Pencil Tamil Movie

Feature Film | 2016 | UA | Comedy, Thriller
Critics:
Audience:
Pencil is an average whodunit crime thriller that takes its original source material for granted.
May 13, 2016 By SMK


After back to back hits in Darling and Trisha Illana Nayanthara, Pencil comes as a stumbling block in GV Prakash's fledgling career as a lead actor. The film is a blatant, uncredited rip-off of a decently watchable Korean thriller drama '4th Period Mystery', whose screenplay kept audiences on the edge of their seats with organic flow of twists and turns. However, in Pencil, debutant Mani Nagaraj plants comedy elements dominantly in the script to attract his target audience. The end result is bad. Comedy acts as a complete deterrent in a script, whose mood is steered by a murder mystery and genre is contrastingly different.

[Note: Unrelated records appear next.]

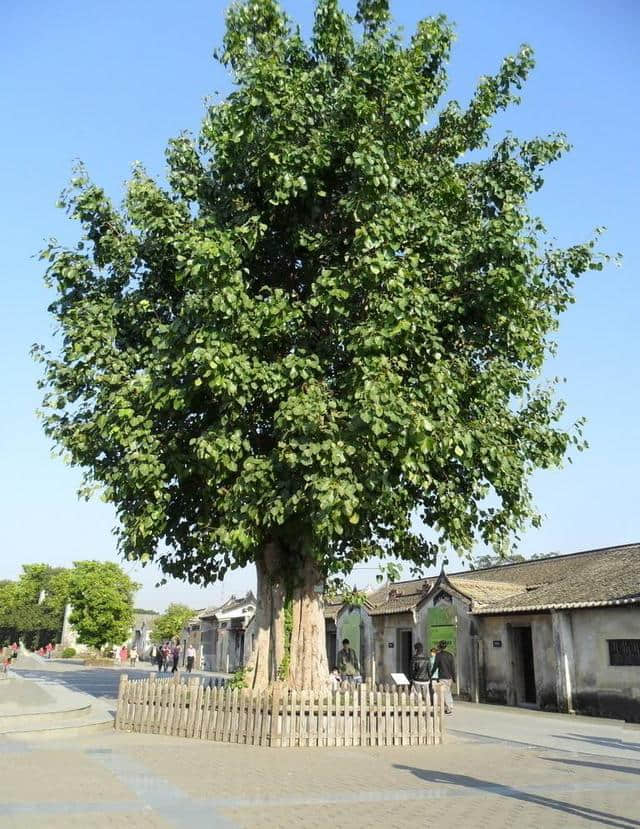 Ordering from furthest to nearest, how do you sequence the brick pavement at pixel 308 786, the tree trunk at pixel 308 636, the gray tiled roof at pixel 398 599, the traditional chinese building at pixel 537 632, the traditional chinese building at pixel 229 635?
the traditional chinese building at pixel 229 635
the gray tiled roof at pixel 398 599
the traditional chinese building at pixel 537 632
the tree trunk at pixel 308 636
the brick pavement at pixel 308 786

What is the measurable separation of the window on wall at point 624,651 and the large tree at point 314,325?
9316 millimetres

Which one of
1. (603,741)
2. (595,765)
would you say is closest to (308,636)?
(595,765)

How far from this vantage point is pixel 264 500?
43.9 ft

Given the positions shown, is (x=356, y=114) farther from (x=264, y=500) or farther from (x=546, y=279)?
(x=264, y=500)

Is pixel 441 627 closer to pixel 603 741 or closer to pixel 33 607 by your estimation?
pixel 603 741

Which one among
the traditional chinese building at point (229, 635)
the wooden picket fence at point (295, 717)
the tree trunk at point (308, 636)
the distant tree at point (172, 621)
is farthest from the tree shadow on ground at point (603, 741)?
the distant tree at point (172, 621)

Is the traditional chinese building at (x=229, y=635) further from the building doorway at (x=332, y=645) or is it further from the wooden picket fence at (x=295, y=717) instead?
the wooden picket fence at (x=295, y=717)

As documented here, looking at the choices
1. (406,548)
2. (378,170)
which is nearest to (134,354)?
(378,170)

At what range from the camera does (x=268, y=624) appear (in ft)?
51.9

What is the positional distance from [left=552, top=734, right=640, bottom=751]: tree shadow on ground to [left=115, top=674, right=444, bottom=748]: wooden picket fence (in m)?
3.49

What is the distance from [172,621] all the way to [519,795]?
265ft

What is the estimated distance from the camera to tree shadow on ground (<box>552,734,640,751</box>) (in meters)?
14.5

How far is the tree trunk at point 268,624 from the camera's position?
15.5 m

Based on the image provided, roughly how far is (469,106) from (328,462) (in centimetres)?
971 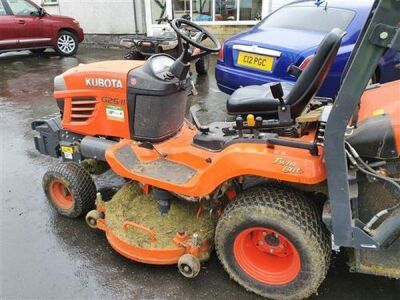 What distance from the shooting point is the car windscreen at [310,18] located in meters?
5.18

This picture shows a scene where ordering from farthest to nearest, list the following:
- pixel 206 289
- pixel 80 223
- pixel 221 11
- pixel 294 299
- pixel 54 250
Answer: pixel 221 11
pixel 80 223
pixel 54 250
pixel 206 289
pixel 294 299

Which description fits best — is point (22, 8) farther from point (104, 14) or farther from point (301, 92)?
point (301, 92)

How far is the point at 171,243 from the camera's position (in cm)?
265

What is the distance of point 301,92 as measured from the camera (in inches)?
93.4

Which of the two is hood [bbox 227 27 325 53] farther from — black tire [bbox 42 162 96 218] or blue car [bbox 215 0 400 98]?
black tire [bbox 42 162 96 218]

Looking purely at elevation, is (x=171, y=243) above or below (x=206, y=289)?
above

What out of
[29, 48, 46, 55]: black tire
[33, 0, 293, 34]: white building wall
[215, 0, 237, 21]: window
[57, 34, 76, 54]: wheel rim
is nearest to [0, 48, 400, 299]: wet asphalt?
[57, 34, 76, 54]: wheel rim

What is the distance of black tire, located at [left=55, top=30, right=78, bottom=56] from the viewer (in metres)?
10.6

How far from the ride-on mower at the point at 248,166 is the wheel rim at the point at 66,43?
802cm

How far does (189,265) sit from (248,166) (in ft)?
2.46

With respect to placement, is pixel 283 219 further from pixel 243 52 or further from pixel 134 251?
pixel 243 52

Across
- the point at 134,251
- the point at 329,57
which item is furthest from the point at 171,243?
the point at 329,57

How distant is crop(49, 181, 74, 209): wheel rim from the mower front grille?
0.61 metres

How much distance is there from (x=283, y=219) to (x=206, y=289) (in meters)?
0.75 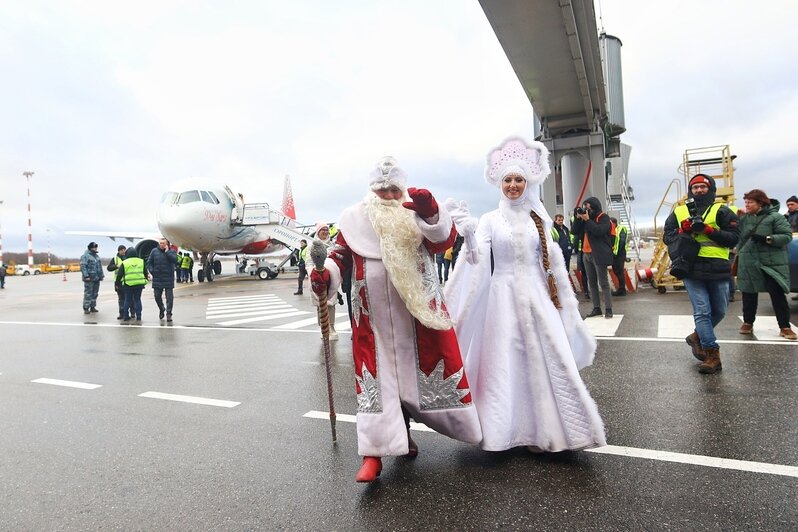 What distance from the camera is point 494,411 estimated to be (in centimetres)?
284

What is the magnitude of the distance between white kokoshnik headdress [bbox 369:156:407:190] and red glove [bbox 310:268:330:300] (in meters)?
0.56

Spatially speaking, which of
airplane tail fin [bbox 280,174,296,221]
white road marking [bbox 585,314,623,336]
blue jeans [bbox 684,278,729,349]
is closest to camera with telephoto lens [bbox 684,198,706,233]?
blue jeans [bbox 684,278,729,349]

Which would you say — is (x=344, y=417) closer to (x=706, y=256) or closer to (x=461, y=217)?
(x=461, y=217)

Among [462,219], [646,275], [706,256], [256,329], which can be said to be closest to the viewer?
[462,219]

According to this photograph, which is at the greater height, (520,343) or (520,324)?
(520,324)

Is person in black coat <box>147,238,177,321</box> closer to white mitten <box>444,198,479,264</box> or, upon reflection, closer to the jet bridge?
the jet bridge

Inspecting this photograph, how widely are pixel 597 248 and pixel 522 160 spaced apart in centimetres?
548

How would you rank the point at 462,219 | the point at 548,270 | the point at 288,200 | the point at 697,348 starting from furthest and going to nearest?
the point at 288,200
the point at 697,348
the point at 548,270
the point at 462,219

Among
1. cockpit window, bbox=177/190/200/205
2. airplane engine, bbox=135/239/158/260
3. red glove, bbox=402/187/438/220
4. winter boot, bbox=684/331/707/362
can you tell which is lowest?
winter boot, bbox=684/331/707/362

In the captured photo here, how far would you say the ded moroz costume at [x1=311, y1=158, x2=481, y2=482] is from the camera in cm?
266

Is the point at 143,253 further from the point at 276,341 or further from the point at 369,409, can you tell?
the point at 369,409

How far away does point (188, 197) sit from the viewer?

The appalling latest fad in Tamil cinema is the addition of monotonous comedy elements in the name of 'adapting the script to suit the sensibilities of local viewers' whenever a foreign material is rewritten without crediting the original source. The basic premise of Pencil is a murder mystery and the consequences that follow.


Shiva (GV Prakash), a nerdy plus two student, falls in love with his reclusive class mate Maya Srinivasan (Sri Divya), who is an ardent reader of crime novels. In the same class, Nithin (Shaariq Hassan), a self-loving, pompous son of a popular actor keeps posing troubles to fellow classmates with his cheap, perverted behaviors spiced up by his cocky attitude. Shiva and Nithin detest the very sight of each other. Mani Nagaraj has attempted to deviate from the original by including a truckload of unnecessary characters that spoil the smooth flow of storytelling.

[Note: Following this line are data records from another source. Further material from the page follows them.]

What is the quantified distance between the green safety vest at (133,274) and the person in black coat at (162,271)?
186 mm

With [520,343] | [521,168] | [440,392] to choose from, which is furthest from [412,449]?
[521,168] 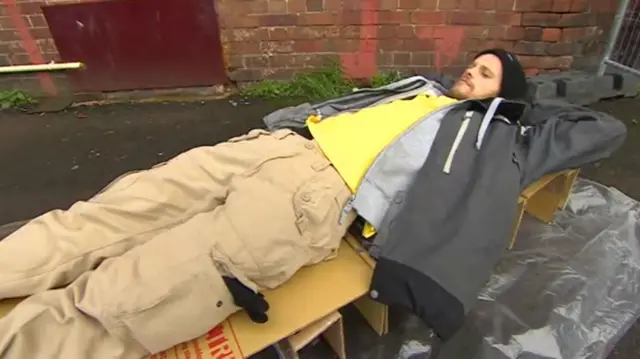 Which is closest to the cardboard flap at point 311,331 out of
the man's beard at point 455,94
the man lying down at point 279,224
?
the man lying down at point 279,224

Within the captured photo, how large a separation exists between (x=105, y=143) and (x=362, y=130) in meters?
1.34

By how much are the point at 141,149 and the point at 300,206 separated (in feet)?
4.08

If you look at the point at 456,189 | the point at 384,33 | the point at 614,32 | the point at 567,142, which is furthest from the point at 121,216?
the point at 614,32

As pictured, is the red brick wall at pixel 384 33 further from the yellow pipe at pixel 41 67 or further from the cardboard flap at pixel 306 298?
the cardboard flap at pixel 306 298

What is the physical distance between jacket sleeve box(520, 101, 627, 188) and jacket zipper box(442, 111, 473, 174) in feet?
0.53

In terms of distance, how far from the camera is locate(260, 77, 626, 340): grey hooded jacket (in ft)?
3.72

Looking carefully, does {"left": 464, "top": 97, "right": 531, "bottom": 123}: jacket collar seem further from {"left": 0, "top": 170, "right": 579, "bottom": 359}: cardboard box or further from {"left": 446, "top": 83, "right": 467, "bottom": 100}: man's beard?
{"left": 0, "top": 170, "right": 579, "bottom": 359}: cardboard box

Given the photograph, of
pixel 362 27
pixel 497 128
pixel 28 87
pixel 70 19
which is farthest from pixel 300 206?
pixel 28 87

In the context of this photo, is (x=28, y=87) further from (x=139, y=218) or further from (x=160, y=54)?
(x=139, y=218)

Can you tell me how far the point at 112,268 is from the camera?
1.07 m

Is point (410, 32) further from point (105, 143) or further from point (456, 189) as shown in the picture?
point (105, 143)

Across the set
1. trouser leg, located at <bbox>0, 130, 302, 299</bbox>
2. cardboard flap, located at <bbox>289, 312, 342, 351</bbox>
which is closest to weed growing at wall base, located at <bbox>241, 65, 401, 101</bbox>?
trouser leg, located at <bbox>0, 130, 302, 299</bbox>

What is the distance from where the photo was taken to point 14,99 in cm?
255

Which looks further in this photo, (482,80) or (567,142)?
(482,80) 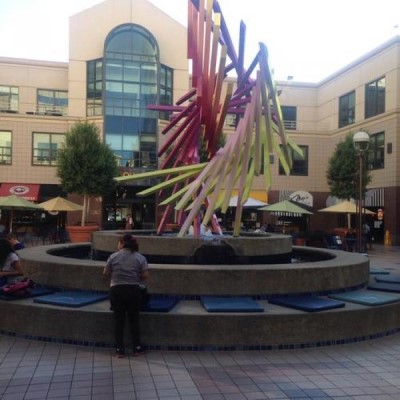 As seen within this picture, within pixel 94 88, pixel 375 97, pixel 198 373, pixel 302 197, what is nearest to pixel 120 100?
pixel 94 88

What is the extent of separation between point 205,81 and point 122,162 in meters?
23.9

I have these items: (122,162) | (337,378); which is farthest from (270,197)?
(337,378)

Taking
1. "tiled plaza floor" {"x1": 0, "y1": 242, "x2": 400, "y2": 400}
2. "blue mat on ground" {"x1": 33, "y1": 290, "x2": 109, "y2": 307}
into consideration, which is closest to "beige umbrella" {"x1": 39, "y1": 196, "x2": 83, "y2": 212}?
"blue mat on ground" {"x1": 33, "y1": 290, "x2": 109, "y2": 307}

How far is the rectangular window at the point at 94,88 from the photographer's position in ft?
113

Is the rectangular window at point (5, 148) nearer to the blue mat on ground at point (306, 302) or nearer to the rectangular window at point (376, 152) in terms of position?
the rectangular window at point (376, 152)

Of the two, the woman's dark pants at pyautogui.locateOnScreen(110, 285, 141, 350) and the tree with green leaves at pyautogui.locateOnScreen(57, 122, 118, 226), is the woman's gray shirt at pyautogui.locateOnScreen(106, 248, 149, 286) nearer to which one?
the woman's dark pants at pyautogui.locateOnScreen(110, 285, 141, 350)

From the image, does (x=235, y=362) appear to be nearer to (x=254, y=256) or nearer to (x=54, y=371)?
(x=54, y=371)

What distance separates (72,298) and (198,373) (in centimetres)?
269

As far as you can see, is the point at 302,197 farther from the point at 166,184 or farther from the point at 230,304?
the point at 230,304

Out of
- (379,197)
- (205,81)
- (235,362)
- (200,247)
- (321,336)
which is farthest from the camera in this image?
(379,197)

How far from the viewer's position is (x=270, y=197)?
123 feet

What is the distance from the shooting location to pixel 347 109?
36344mm

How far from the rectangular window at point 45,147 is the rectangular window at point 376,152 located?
21263mm

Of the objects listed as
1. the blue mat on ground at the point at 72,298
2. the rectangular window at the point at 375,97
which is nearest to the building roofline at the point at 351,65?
the rectangular window at the point at 375,97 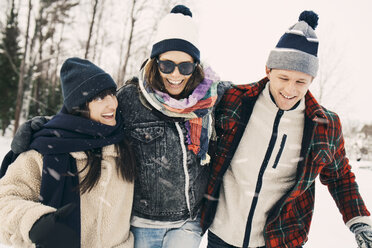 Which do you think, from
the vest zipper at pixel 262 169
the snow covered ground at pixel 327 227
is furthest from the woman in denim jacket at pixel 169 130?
the snow covered ground at pixel 327 227

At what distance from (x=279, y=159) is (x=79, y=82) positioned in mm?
1528

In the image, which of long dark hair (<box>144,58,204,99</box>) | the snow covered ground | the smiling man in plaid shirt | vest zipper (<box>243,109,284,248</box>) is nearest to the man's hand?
the smiling man in plaid shirt

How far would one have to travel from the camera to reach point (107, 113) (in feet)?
5.59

The first half goes haywire in establishing the supporting characters who are the only silver lining in an otherwise boring film, which aims to be a gripping whodunit. Sri Divya as the geeky Maya who aims to put the pieces together struggles to essay her role with perfection. She comes across as an amateurish performer, who fails to pull off the subtlety the role requires.

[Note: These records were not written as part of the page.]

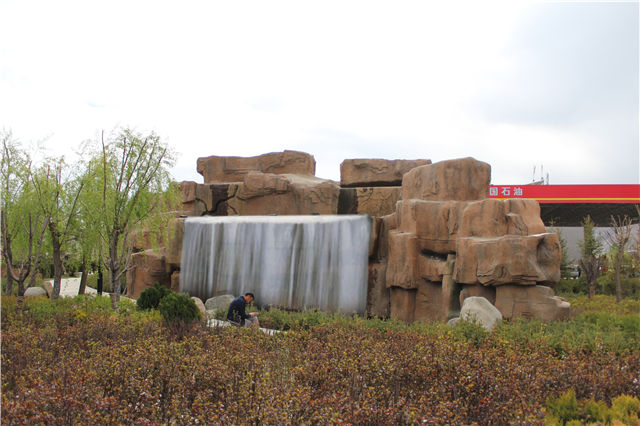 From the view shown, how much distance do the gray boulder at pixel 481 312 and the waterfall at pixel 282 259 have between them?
184 inches

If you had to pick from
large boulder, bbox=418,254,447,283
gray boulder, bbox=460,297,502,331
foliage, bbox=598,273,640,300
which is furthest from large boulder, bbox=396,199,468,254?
foliage, bbox=598,273,640,300

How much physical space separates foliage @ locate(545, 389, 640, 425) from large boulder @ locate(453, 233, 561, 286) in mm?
6029

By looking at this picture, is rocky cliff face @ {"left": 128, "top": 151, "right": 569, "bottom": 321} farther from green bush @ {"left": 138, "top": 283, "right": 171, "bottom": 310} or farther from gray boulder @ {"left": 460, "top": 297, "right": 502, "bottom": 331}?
green bush @ {"left": 138, "top": 283, "right": 171, "bottom": 310}

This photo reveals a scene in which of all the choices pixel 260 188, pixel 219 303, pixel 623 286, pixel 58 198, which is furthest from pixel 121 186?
pixel 623 286

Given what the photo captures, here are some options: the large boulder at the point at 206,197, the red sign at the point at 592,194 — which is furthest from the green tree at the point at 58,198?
the red sign at the point at 592,194

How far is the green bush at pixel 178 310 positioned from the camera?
9.40 m

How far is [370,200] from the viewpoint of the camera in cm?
1778

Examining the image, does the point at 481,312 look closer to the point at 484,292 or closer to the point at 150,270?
the point at 484,292

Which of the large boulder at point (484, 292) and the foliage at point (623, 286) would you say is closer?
the large boulder at point (484, 292)

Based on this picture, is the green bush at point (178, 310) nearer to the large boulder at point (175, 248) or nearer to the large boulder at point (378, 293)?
the large boulder at point (378, 293)

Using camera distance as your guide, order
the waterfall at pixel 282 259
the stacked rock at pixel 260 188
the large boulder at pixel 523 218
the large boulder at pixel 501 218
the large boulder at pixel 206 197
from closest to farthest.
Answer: the large boulder at pixel 523 218 < the large boulder at pixel 501 218 < the waterfall at pixel 282 259 < the stacked rock at pixel 260 188 < the large boulder at pixel 206 197

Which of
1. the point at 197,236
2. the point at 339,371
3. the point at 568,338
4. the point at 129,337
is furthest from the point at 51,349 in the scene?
the point at 197,236

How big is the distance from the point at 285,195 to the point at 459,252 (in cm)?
840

Following a not-so-thrilling interval twist, the film gets trapped in the commercial formula with unheeded importance given to the needless supporting characters who are no way connected to the main plot. The climax is another long drawn affair that tests the patience of audiences.


Overall, Pencil is an average whodunit crime thriller that takes its original source material for granted.